[Saved entries]
※

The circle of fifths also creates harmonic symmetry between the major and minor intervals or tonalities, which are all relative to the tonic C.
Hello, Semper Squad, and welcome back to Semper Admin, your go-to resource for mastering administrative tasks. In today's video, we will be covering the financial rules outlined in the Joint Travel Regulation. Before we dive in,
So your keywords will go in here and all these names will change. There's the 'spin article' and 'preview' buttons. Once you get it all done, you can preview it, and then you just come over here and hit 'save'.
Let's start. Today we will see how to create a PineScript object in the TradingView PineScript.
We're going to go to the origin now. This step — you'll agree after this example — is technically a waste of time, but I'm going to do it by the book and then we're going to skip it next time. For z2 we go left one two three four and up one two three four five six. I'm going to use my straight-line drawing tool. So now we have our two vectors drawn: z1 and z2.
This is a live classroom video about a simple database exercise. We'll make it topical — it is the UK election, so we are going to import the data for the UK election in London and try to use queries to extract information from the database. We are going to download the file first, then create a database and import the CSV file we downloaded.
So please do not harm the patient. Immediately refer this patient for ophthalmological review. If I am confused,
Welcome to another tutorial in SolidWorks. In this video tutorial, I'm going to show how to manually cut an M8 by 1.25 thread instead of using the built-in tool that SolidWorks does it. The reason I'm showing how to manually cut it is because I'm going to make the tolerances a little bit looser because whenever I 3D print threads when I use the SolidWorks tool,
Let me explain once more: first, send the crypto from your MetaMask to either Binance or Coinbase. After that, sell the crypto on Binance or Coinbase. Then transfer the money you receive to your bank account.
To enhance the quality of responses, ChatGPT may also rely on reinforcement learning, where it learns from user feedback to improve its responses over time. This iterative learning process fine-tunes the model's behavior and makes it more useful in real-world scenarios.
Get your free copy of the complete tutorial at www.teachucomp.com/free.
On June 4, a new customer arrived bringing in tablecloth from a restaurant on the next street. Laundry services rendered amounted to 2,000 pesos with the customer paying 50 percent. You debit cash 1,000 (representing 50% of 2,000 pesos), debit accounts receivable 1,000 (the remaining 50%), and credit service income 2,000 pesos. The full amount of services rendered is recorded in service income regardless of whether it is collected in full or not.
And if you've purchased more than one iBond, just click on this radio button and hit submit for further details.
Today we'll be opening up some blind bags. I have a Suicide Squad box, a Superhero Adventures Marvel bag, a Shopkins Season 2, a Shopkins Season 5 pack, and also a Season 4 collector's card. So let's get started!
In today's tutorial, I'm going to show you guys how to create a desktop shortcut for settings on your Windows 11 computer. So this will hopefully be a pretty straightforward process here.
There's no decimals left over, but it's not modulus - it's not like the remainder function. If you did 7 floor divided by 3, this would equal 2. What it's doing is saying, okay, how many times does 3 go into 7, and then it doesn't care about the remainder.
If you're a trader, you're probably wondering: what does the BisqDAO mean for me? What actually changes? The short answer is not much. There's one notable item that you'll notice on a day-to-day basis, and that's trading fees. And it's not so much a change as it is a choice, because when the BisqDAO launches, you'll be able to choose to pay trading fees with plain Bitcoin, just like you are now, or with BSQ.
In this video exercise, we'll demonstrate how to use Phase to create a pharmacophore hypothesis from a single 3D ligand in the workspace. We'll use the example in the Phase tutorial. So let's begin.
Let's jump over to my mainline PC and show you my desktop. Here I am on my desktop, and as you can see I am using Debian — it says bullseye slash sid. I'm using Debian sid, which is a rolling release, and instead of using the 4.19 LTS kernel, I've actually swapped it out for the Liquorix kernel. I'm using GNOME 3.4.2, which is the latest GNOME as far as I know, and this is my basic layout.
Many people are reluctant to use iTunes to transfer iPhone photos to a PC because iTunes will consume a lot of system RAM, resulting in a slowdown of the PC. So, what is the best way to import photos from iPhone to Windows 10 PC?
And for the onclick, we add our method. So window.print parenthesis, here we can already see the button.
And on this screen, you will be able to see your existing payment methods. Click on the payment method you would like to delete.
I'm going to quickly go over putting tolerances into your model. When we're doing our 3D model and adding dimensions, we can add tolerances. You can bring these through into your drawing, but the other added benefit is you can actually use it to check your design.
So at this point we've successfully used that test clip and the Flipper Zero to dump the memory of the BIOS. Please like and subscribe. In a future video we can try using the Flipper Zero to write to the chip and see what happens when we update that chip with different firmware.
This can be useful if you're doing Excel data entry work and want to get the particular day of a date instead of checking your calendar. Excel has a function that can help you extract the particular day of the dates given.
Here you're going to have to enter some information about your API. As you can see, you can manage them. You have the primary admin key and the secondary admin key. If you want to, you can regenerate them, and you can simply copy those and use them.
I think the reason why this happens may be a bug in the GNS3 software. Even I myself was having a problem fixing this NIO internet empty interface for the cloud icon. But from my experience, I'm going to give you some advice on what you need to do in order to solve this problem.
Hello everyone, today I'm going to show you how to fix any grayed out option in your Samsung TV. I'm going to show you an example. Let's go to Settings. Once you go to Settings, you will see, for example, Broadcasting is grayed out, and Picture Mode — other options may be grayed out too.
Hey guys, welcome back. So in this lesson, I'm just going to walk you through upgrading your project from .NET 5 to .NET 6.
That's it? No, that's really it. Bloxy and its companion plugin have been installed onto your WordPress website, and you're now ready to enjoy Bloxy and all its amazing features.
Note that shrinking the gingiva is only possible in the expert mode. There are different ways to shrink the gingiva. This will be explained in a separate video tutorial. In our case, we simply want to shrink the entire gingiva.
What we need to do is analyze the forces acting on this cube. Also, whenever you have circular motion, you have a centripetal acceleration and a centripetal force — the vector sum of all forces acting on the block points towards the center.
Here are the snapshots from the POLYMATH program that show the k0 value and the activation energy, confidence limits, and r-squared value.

※

Exercise description:
Give back each entry exactly as it was written.

Result for this exercise:
The circle of fifths also creates harmonic symmetry between the major and minor intervals or tonalities, which are all relative to the tonic C.
Hello, Semper Squad, and welcome back to Semper Admin, your go-to resource for mastering administrative tasks. In today's video, we will be covering the financial rules outlined in the Joint Travel Regulation. Before we dive in,
So your keywords will go in here and all these names will change. There's the 'spin article' and 'preview' buttons. Once you get it all done, you can preview it, and then you just come over here and hit 'save'.
Let's start. Today we will see how to create a PineScript object in the TradingView PineScript.
We're going to go to the origin now. This step — you'll agree after this example — is technically a waste of time, but I'm going to do it by the book and then we're going to skip it next time. For z2 we go left one two three four and up one two three four five six. I'm going to use my straight-line drawing tool. So now we have our two vectors drawn: z1 and z2.
This is a live classroom video about a simple database exercise. We'll make it topical — it is the UK election, so we are going to import the data for the UK election in London and try to use queries to extract information from the database. We are going to download the file first, then create a database and import the CSV file we downloaded.
So please do not harm the patient. Immediately refer this patient for ophthalmological review. If I am confused,
Welcome to another tutorial in SolidWorks. In this video tutorial, I'm going to show how to manually cut an M8 by 1.25 thread instead of using the built-in tool that SolidWorks does it. The reason I'm showing how to manually cut it is because I'm going to make the tolerances a little bit looser because whenever I 3D print threads when I use the SolidWorks tool,
Let me explain once more: first, send the crypto from your MetaMask to either Binance or Coinbase. After that, sell the crypto on Binance or Coinbase. Then transfer the money you receive to your bank account.
To enhance the quality of responses, ChatGPT may also rely on reinforcement learning, where it learns from user feedback to improve its responses over time. This iterative learning process fine-tunes the model's behavior and makes it more useful in real-world scenarios.
Get your free copy of the complete tutorial at www.teachucomp.com/free.
On June 4, a new customer arrived bringing in tablecloth from a restaurant on the next street. Laundry services rendered amounted to 2,000 pesos with the customer paying 50 percent. You debit cash 1,000 (representing 50% of 2,000 pesos), debit accounts receivable 1,000 (the remaining 50%), and credit service income 2,000 pesos. The full amount of services rendered is recorded in service income regardless of whether it is collected in full or not.
And if you've purchased more than one iBond, just click on this radio button and hit submit for further details.
Today we'll be opening up some blind bags. I have a Suicide Squad box, a Superhero Adventures Marvel bag, a Shopkins Season 2, a Shopkins Season 5 pack, and also a Season 4 collector's card. So let's get started!
In today's tutorial, I'm going to show you guys how to create a desktop shortcut for settings on your Windows 11 computer. So this will hopefully be a pretty straightforward process here.
There's no decimals left over, but it's not modulus - it's not like the remainder function. If you did 7 floor divided by 3, this would equal 2. What it's doing is saying, okay, how many times does 3 go into 7, and then it doesn't care about the remainder.
If you're a trader, you're probably wondering: what does the BisqDAO mean for me? What actually changes? The short answer is not much. There's one notable item that you'll notice on a day-to-day basis, and that's trading fees. And it's not so much a change as it is a choice, because when the BisqDAO launches, you'll be able to choose to pay trading fees with plain Bitcoin, just like you are now, or with BSQ.
In this video exercise, we'll demonstrate how to use Phase to create a pharmacophore hypothesis from a single 3D ligand in the workspace. We'll use the example in the Phase tutorial. So let's begin.
Let's jump over to my mainline PC and show you my desktop. Here I am on my desktop, and as you can see I am using Debian — it says bullseye slash sid. I'm using Debian sid, which is a rolling release, and instead of using the 4.19 LTS kernel, I've actually swapped it out for the Liquorix kernel. I'm using GNOME 3.4.2, which is the latest GNOME as far as I know, and this is my basic layout.
Many people are reluctant to use iTunes to transfer iPhone photos to a PC because iTunes will consume a lot of system RAM, resulting in a slowdown of the PC. So, what is the best way to import photos from iPhone to Windows 10 PC?
And for the onclick, we add our method. So window.print parenthesis, here we can already see the button.
And on this screen, you will be able to see your existing payment methods. Click on the payment method you would like to delete.
I'm going to quickly go over putting tolerances into your model. When we're doing our 3D model and adding dimensions, we can add tolerances. You can bring these through into your drawing, but the other added benefit is you can actually use it to check your design.
So at this point we've successfully used that test clip and the Flipper Zero to dump the memory of the BIOS. Please like and subscribe. In a future video we can try using the Flipper Zero to write to the chip and see what happens when we update that chip with different firmware.
This can be useful if you're doing Excel data entry work and want to get the particular day of a date instead of checking your calendar. Excel has a function that can help you extract the particular day of the dates given.
Here you're going to have to enter some information about your API. As you can see, you can manage them. You have the primary admin key and the secondary admin key. If you want to, you can regenerate them, and you can simply copy those and use them.
I think the reason why this happens may be a bug in the GNS3 software. Even I myself was having a problem fixing this NIO internet empty interface for the cloud icon. But from my experience, I'm going to give you some advice on what you need to do in order to solve this problem.
Hello everyone, today I'm going to show you how to fix any grayed out option in your Samsung TV. I'm going to show you an example. Let's go to Settings. Once you go to Settings, you will see, for example, Broadcasting is grayed out, and Picture Mode — other options may be grayed out too.
Hey guys, welcome back. So in this lesson, I'm just going to walk you through upgrading your project from .NET 5 to .NET 6.
That's it? No, that's really it. Bloxy and its companion plugin have been installed onto your WordPress website, and you're now ready to enjoy Bloxy and all its amazing features.
Note that shrinking the gingiva is only possible in the expert mode. There are different ways to shrink the gingiva. This will be explained in a separate video tutorial. In our case, we simply want to shrink the entire gingiva.
What we need to do is analyze the forces acting on this cube. Also, whenever you have circular motion, you have a centripetal acceleration and a centripetal force — the vector sum of all forces acting on the block points towards the center.
Here are the snapshots from the POLYMATH program that show the k0 value and the activation energy, confidence limits, and r-squared value.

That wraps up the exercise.